If Adobe had a less expensive tier for hobby photographers I'd be glad to pay, but since they don't I'll continue to use free solutions.
This is true, most of the app is free, but if you want to sync between a PC and the iPad then you need to pay the subscription.
 
If Adobe had a less expensive tier for hobby photographers I'd be glad to pay, but since they don't I'll continue to use free solutions.

At the moment, I have LR downloaded on the Ipad and it seems to allow me to do some edits and save as a JPEG. I downloaded from the App store. When I click on upgrade or features which are only activated when I do upgrade, the sw offers me an upgrade to “LR Premium“ at £4.99pm. Any idea how this ties in with the CC photography plan at £9.97 pm?

Lightroom Mobile (on my phone) appears to offer me the same offer of £4.99 per month for Lightroom Premium. I assume this is almost the same as the £9.98 per month subscription but without LR Desktop and 1TB cloud storage and website/portfolio ?
 
Lightroom Mobile (on my phone) appears to offer me the same offer of £4.99 per month for Lightroom Premium. I assume this is almost the same as the £9.98 per month subscription but without LR Desktop and 1TB cloud storage and website/portfolio ?
You get 100Gb cloud storage there, but correct no desktop LR at all and no Portfolio. To be honest if you're going to do go mobile only and don't need the Masking and Healing tools then you're better just using it for free.

I pay the full £20 because I have all of my older work synced as smart previews, my dad uses LR Classic as part of my sub. I use my iPad as my primary editing device so my only option is cloud storage, I actually do a lot of quick edits on my phone so the syncing is important, and I have my website built on Adobe Portfolio (which for some absolutely inexplicable reason, you can't edit on an iPad). £20 a month is more than I like paying but I do use almost everything I pay for.
 
Last edited:
The OP referred to being old and whether or not to start a LR subscription. Well, I am 68 and have just taken it out as other packages just haven't cut it for me.
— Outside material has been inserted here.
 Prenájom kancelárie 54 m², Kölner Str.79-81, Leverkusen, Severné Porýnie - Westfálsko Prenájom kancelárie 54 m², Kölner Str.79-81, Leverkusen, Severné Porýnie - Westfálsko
I only use LR Classic as I have no interest in manipulating pictures in Photoshop or the [perhaps my perceived] limitations to Lightroom -- the cloud version -- (why they have such confusingly similar names is beyond me -- what's wrong with Lightroom Desktop and Lightroom Cloud?).
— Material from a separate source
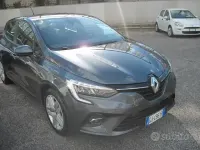 Usata Renault Clio V Equilibre 91 CV (66 kW) 2022 Grigio Berlina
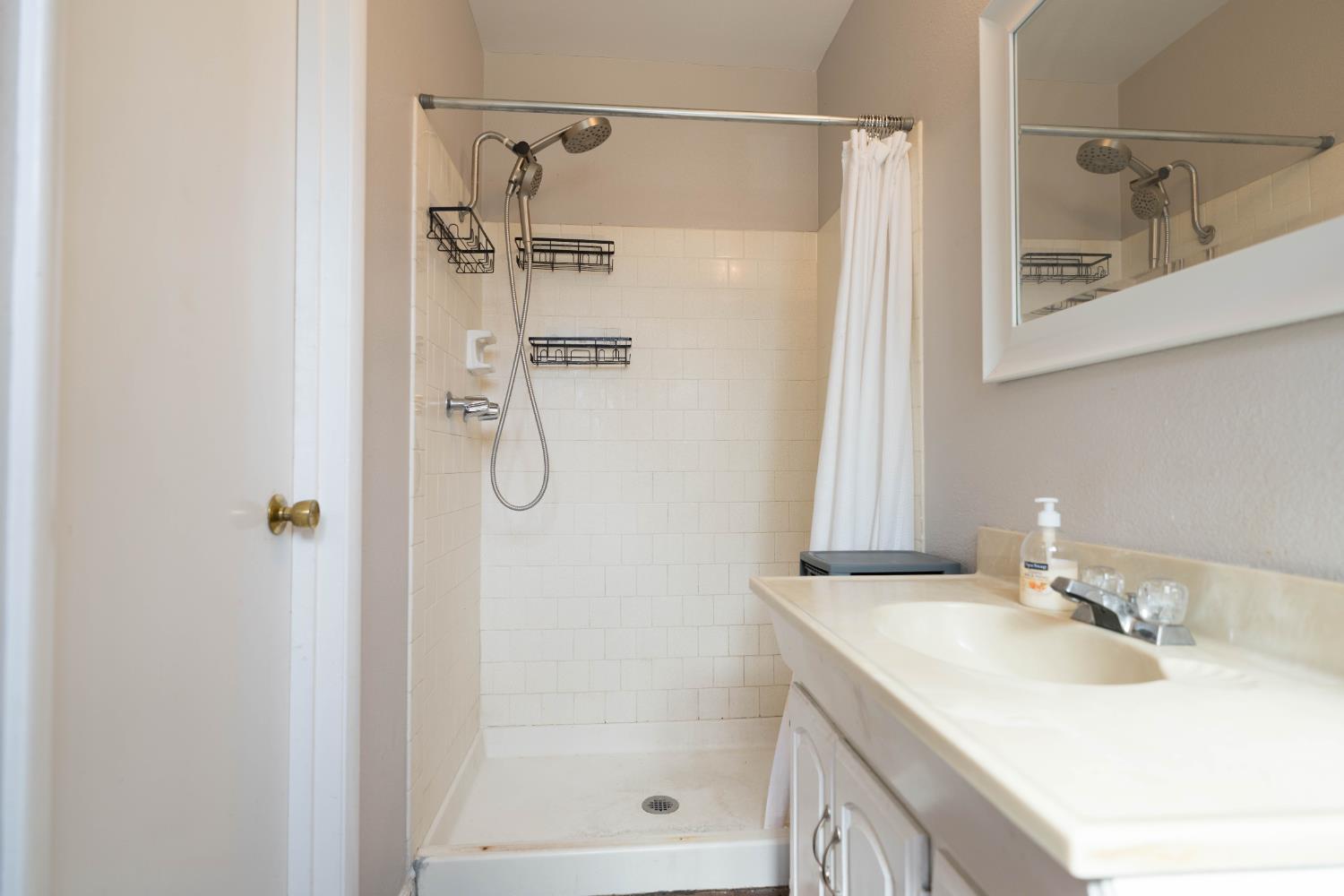 1576 E Warner, Fresno, CA 93710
I don't use collections as I prefer to keep things in one place on my PC (yes, I know 'collections' doesn't move anything but now the names appears in more than one place and I don't see the point when I have made collections on my hard drive).

As others have said, don't fret over the number of images you have done nothing with over the years, I have the same problem. I'll occasionally pick on an older folder and cull and/or edit the images and leave it at that until I have some spare time to do another edit. I do try to keep on top of newly-taken pictures as I don't want to get into the old situation where I have 20 pictures of the same subject that all vary slightly by position or exposure. These days I am ruthless when it comes to deleting surplus images.

If there is one thing to remember though, once you start a Lightroom subscription, is to do nothing to a file outside Lightroom itself so that the software always knows where things are.
 
The OP referred to being old and whether or not to start a LR subscription. Well, I am 68 and have just taken it out as other packages just haven't cut it for me.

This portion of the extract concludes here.